Don’t let it go down…OR is it…A down tick,
what an opportunity. Either way, the Dow is in serious record
territory. It is up 20 of the past 25 trading days for the
second day in a row. Since 1987, the Dow has accomplished this
feat only once before, in November 1995. It is a fantastic
rally and at this time it doesn’t seem like it has run its
course. I am not particularly bearish; I just like a little zig
with my zag.
The expected correction materialized in the
form of a negative opening gap. The Dow reached a low of
12,734, just above Wednesday’s low and the listed support zone
of 12,700 to 12,720 and never looked back. Thursday’s
correction was extremely brief, but it was a correction.

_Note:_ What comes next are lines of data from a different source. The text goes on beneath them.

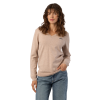 Pullover HVPOralie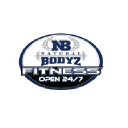 naturalbodyzfitness.com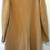 PRICE DROP: Jos A. Bank Camel Hair Single Breasted Overcoat Size 42L 2 thumbnail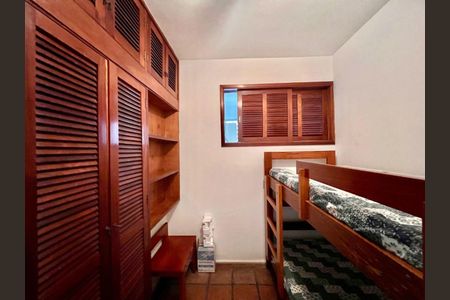 9_photo/94d1fe2fd3.5aa0706bba2aa1a9-ATLAS-e1e64050-6992-4dc4-96a7-b889f4432688.jpg de apartamento à venda com 3 quartos, 90m² em Centro, Guarujá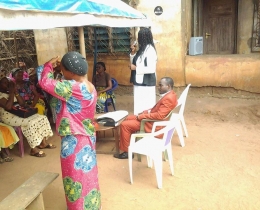 WidowsOrphans-Outreach2-January-2014 (23).jpg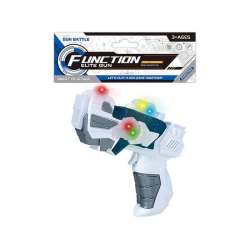 Pistolet 568839 (5/568839)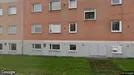 Lägenhet att hyra, Hultsfred, Stationsgatan<span class="blurred street-number" onclick="ProcessAdRequest(3710715)"><span class="hint">Se väg-nr</span>[xxxxxxxx]</span> - Ca. 95m2, Ca. 7 500&nbsp;kr.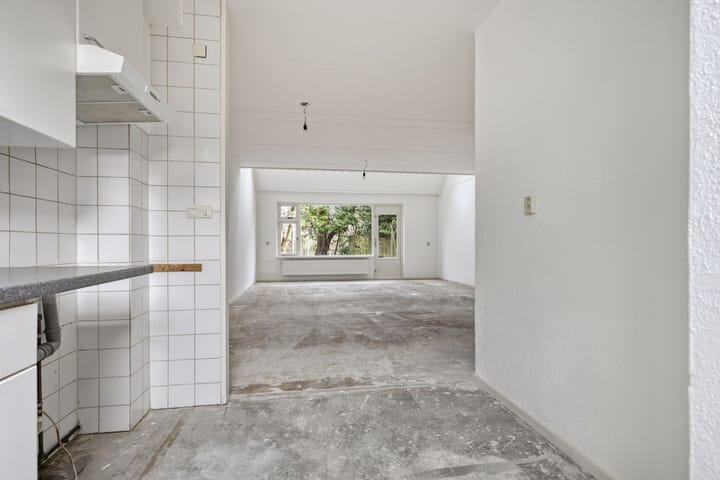 Foto 9 van Reeperf 13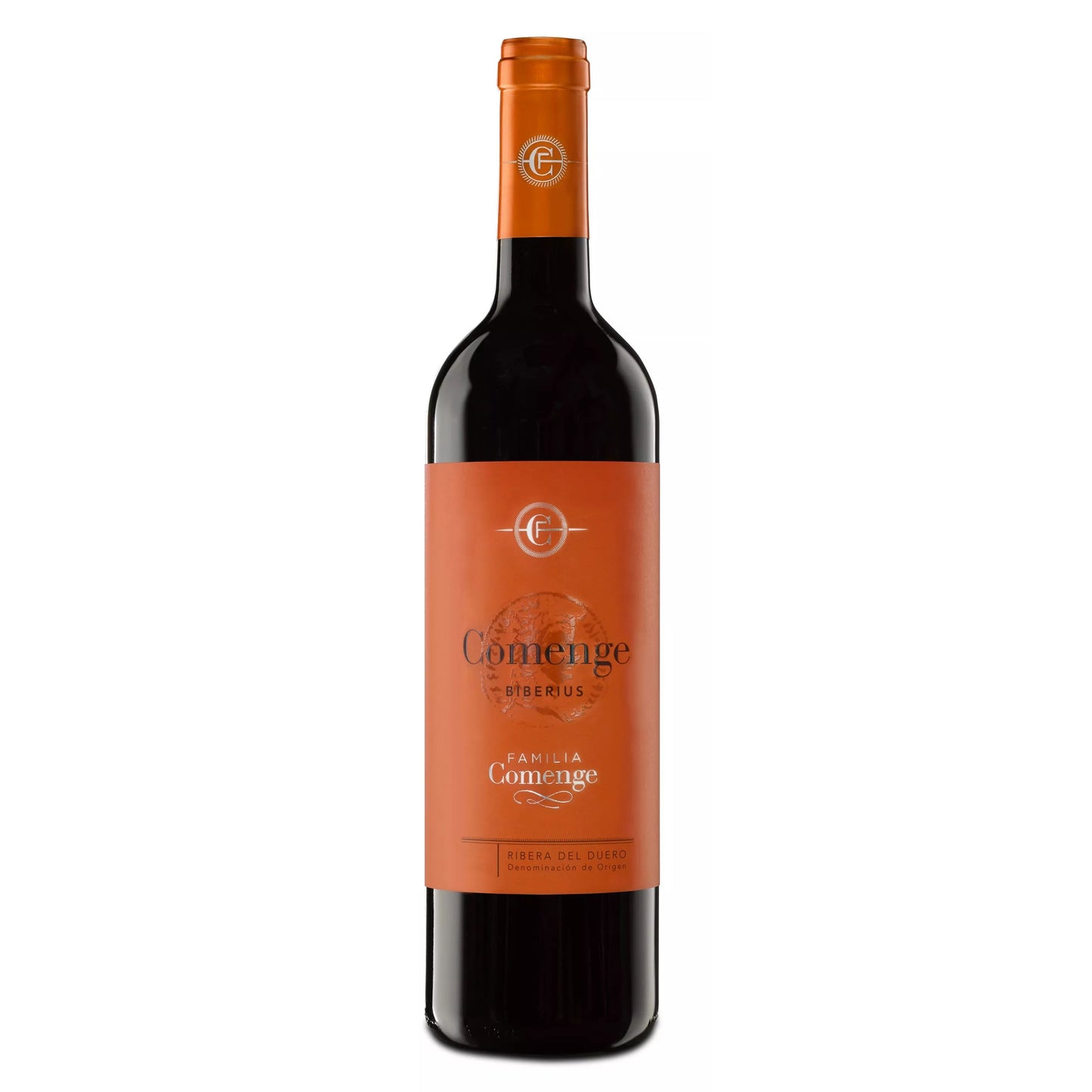 BIBERIUS VERDEJO 750ML MIAMI LIQUOR WINE STORE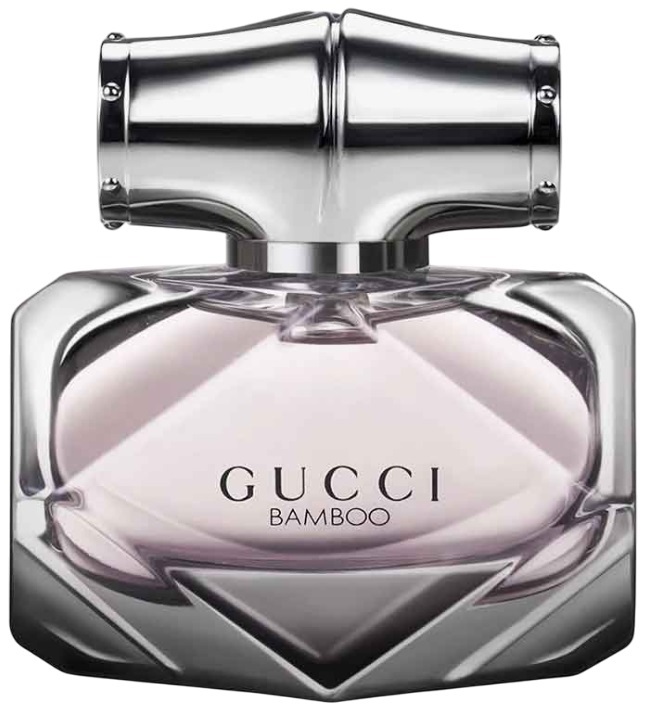Gucci Apă de parfum  Bamboo, 75 ml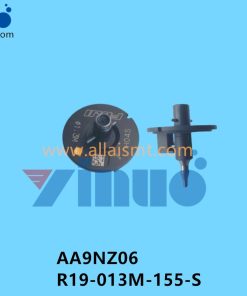 FUJI NXT H04S NOZZLE AA9NZ06 R19-013M-155-S φ1.3MELF
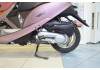 Скутер Honda Dio Cesta AF68-3002927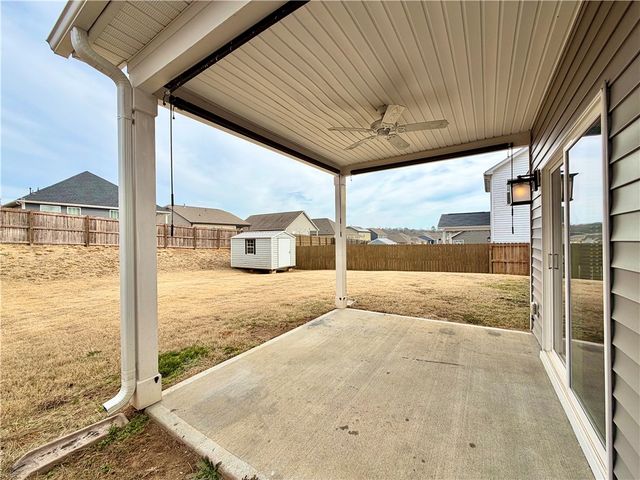 419 Vestry Place, Moore, SC 29369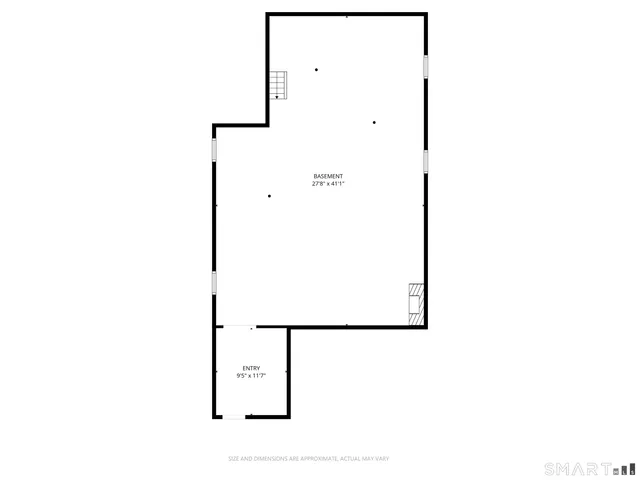 $779,900 | 318 Grovers Avenue, Bridgeport, CT 06605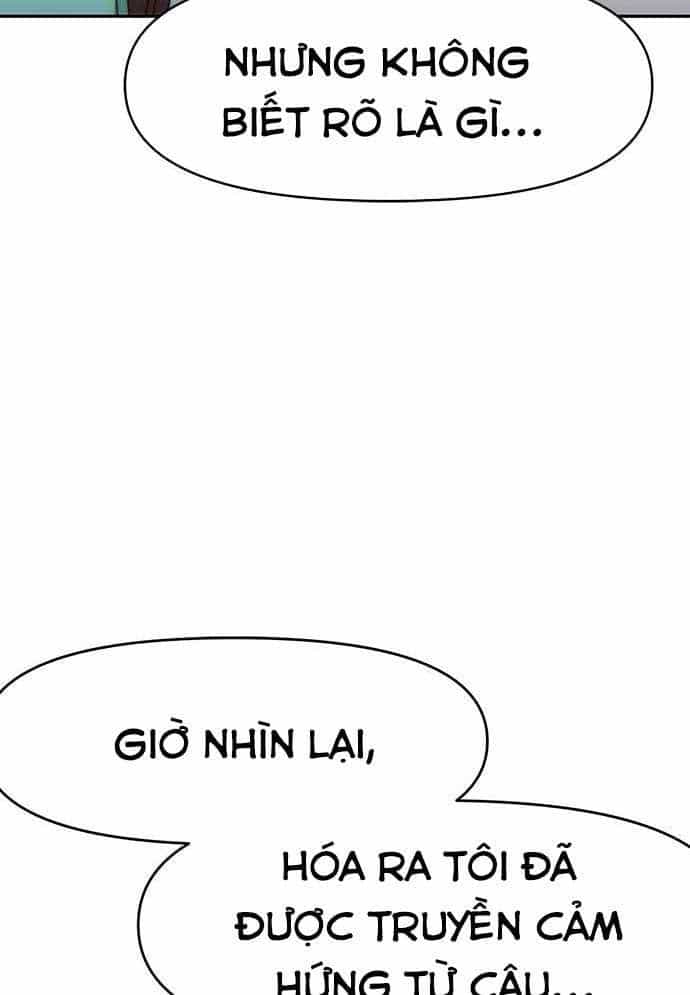 Unluck - Chương 27 - ảnh 88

12,710-12,735 remains support. Unless or until that level is
broken, it is just a little pullback.
The Fibonacci upside zone is 12,860 with a
higher line at 12,885. While it might be reached on Friday, the
Dow should continue to struggle holding the gains should they
develop. The top of the 21-day band should constrain any rally
effort. The bears can focus on 12,785, which if broken will be
the first minor warning flag. It takes a break of 12,730 to
signal a more serious breakdown is at hand. In light of the
relentlessness of this move, it won’t count as a break unless
it stays broken for more than a few minutes. The consolidation
is three days old and the Dow has not closed down. It usually
closed down at least once during a consolidation.
There’s no economic data on expiration Friday.
Dow components CAT, HON, MCD, and PFE, report earnings before
the open. Once past the open, expiration is likely to play the
greater roll. Note: Monday’s following expiration have over the
years tended to be down days, though that has not been the case
of late. The market remains in the grips of a consolidation
that is three days old and I would prefer to see the Dow close
down at least one day before calling the consolidation
complete. As great as earnings are, the immediate upside should
be limited at this point.
Note: Friday 4-20 is a longer-term cycle turn
date, technically supposed to be a top.
Here’s why:
The Dow reached a low of 12,734.92 on the open
when it was down 68.92 points. That is the worst intra-day
decline since the last down day when the Dow fell 118 points.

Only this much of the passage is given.